Как только мы вошли, меня сразу же окружили мужчины, а Аля попала под опеку женщин. Кто-то мигом накинул на ее полуобнаженные плечи плед, и девушку с ахами и вздохами увели в одно из жилищ.
— Что нового в мире, Вестник?— спросил меня кто-то из мужиков. Новости хотел услышать не он один, но вмешался Сыч.
— Дайте парню хотя бы дух перевести, ироды!
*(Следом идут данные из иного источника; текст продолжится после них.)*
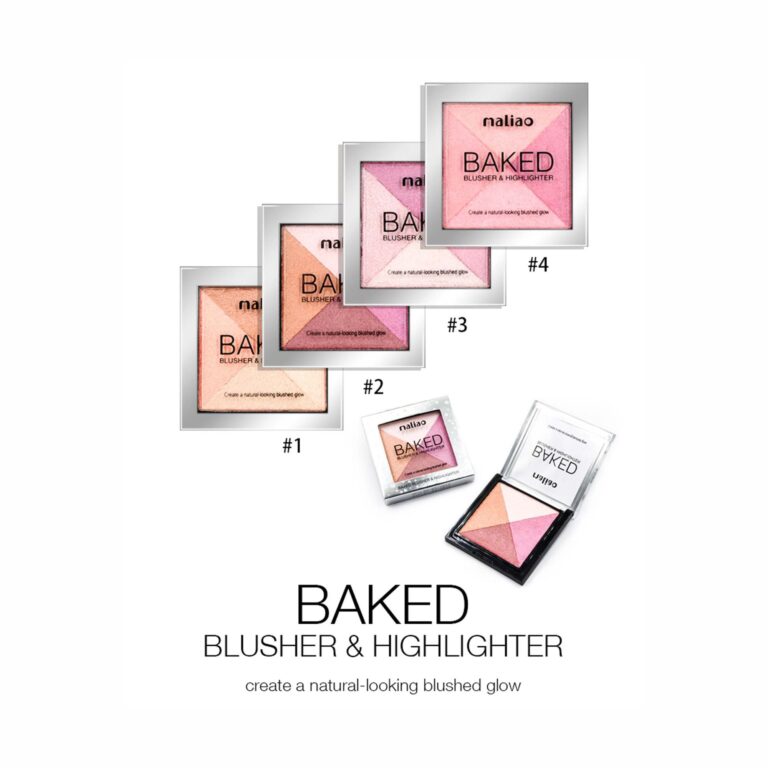 Maliao Baked Blusher & Highlighter - image 2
Устал с дороги человек, не видите что ли?— заметив, как я провожаю взглядом Обузу, он меня успокоил.— Не бойся, ничего не случится с твоей зазнобой! Девка, видать, натерпелась в степи — на ней лица нет. Сейчас наши бабы приведут ее в божеский вид, а то ходит, как бродяжка, в лохмотьях — срам да и только!— Потом крикнул кому-то из мальчишек: — Скажи Лизке, чтобы шла на кухню. Пусть быстро приготовит что-нибудь для наших гостей! А вы расходитесь живо, дел что ли нет никаких?! Так я мигом найду!
Зыркнув по сторонам, он заставил толпу разойтись, обнял меня за плечи и отвел в сторону. Когда мы остались одни, он шепотом сказал, глядя мне в глаза:
— Приметный узор на ладошке у твоей подружки.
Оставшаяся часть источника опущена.